Data for the task:
==========

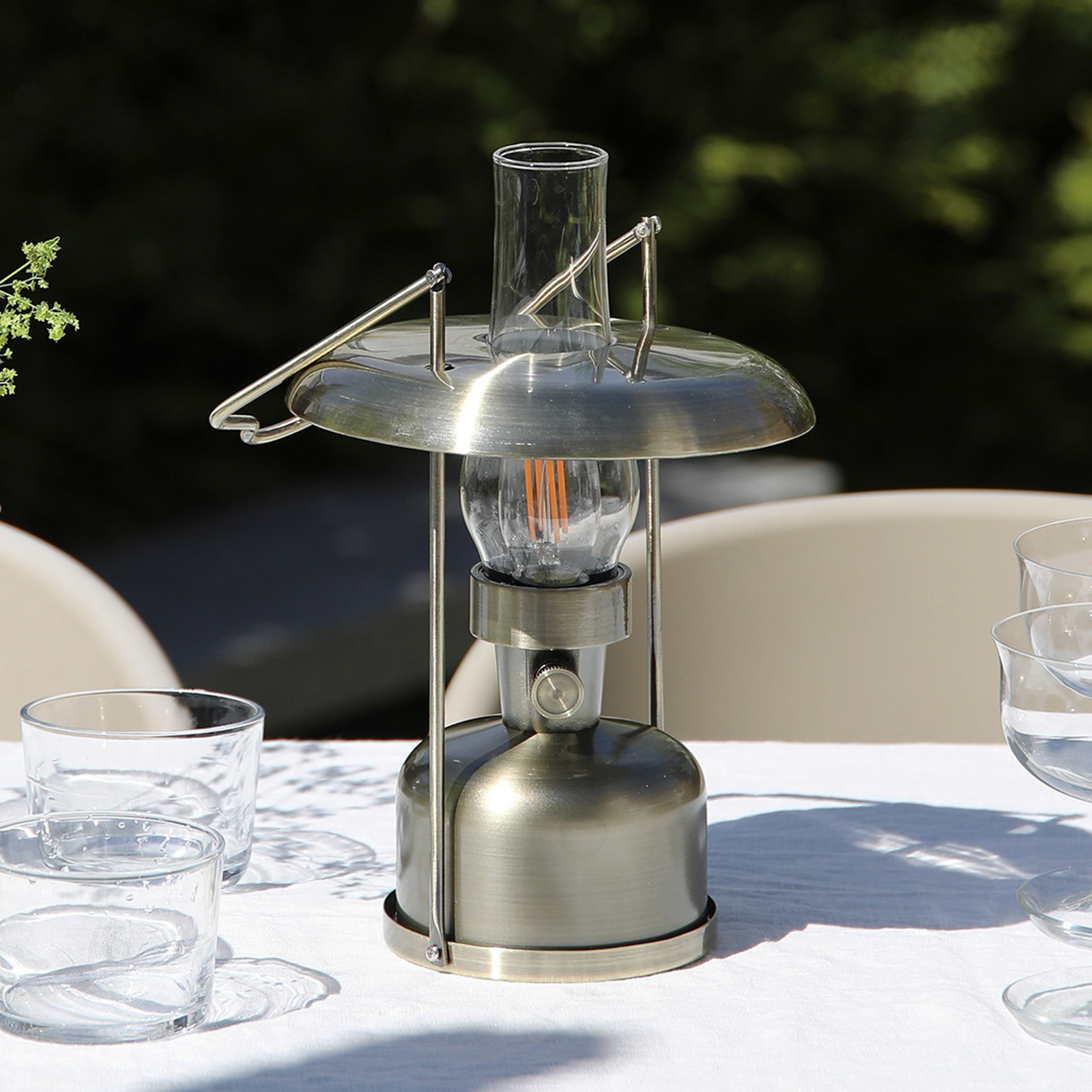 Markslöjd LED-batteridriven bordslampa Fanos, mässing, dimbar, IP44 Markslöjd LED-batteridriven bordslampa Fanos, mässing, dimbar, IP44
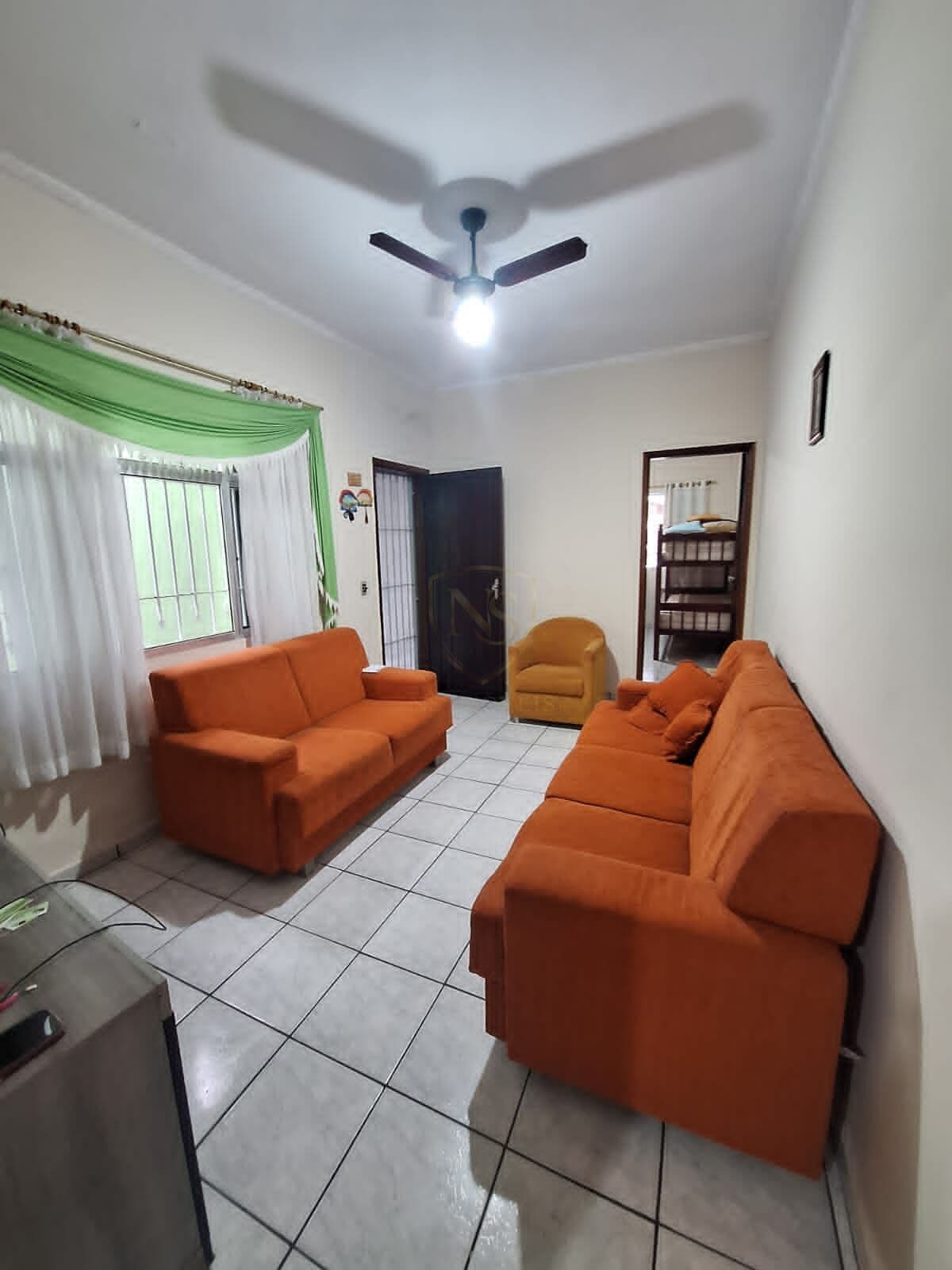 Casa 2 dormitórios, suíte - Caiçara
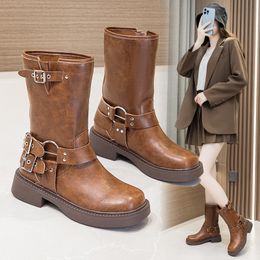 Популярные ретро -западные ковбойские женские ботинки 2023 летняя осень Новый Британский стиль универсальный металлический пряжка средняя трубка Мартин короткие ботинки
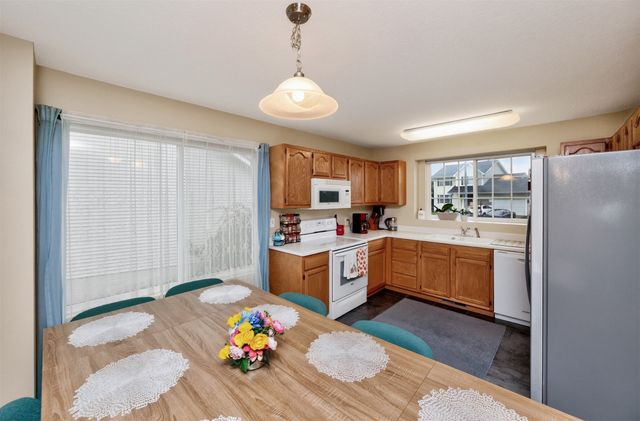 12201 Horton Avenue, Urbandale, IA 50323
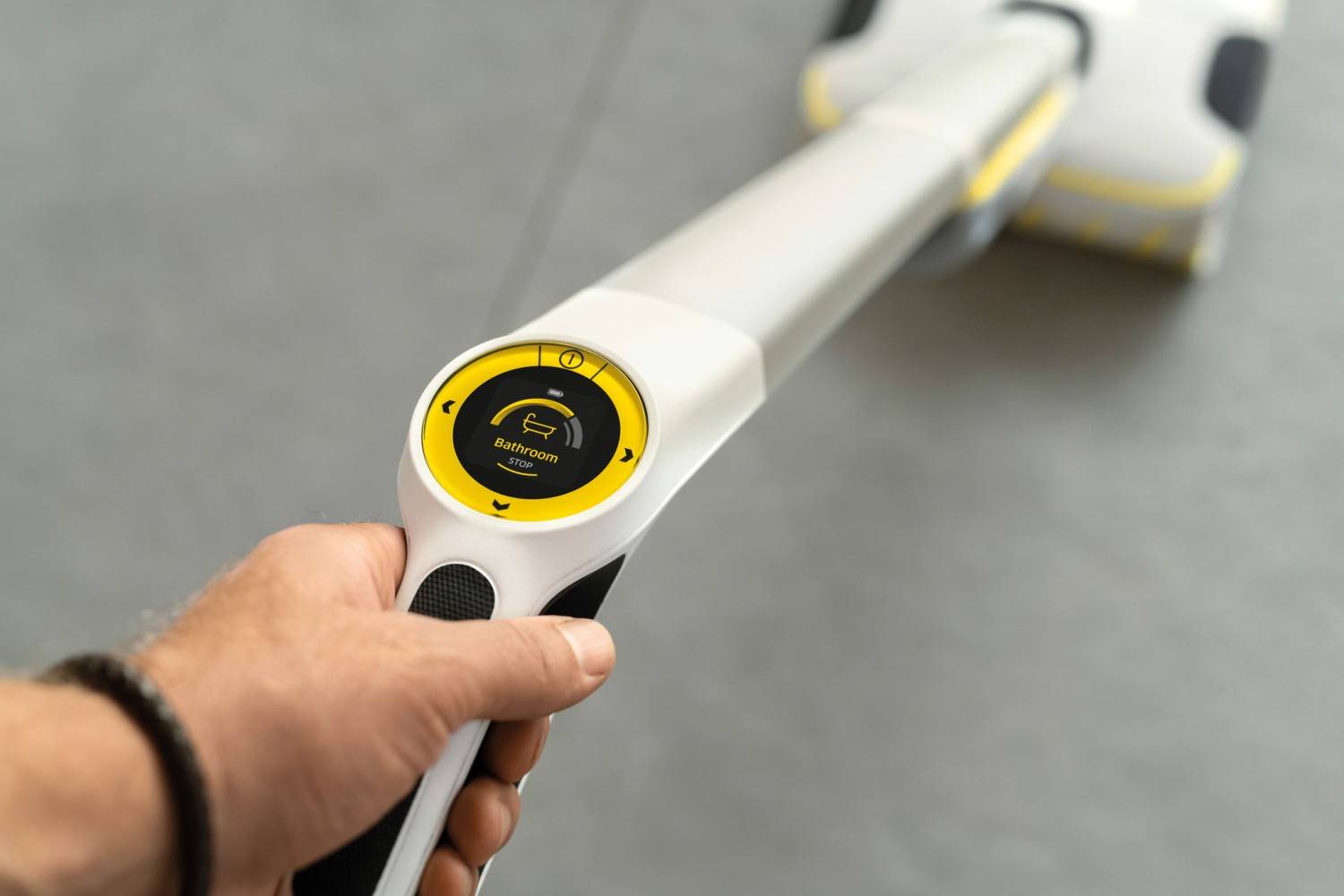 Hartbodenreiniger Kärcher FC 8 Smart Signature Line im Test, Bild 3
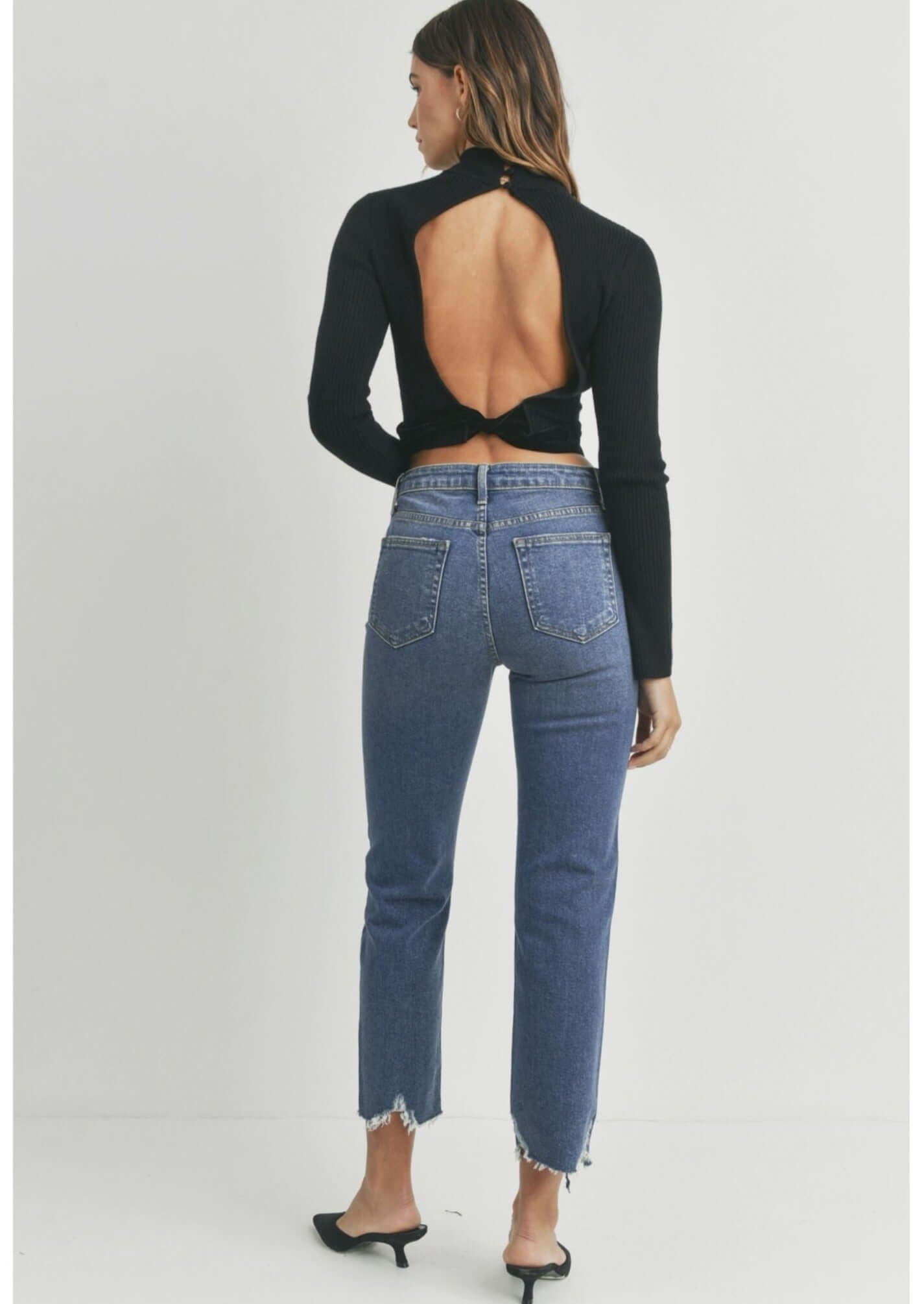 Distressed Cropped Denim Jeans for Women - Vintage Washed High Waisted Skinny Jeans - Made in USA - Perfect for Casual Outfits, Street Style & Date Nights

==========

Problem details: Omit the pictures and return exactly the lines from the line containing "12201 Horton Avenue, Urbandale, IA 50323" through the final line of the material above, both ends included.

Finished task:
 12201 Horton Avenue, Urbandale, IA 50323
 Hartbodenreiniger Kärcher FC 8 Smart Signature Line im Test, Bild 3
 Distressed Cropped Denim Jeans for Women - Vintage Washed High Waisted Skinny Jeans - Made in USA - Perfect for Casual Outfits, Street Style & Date Nights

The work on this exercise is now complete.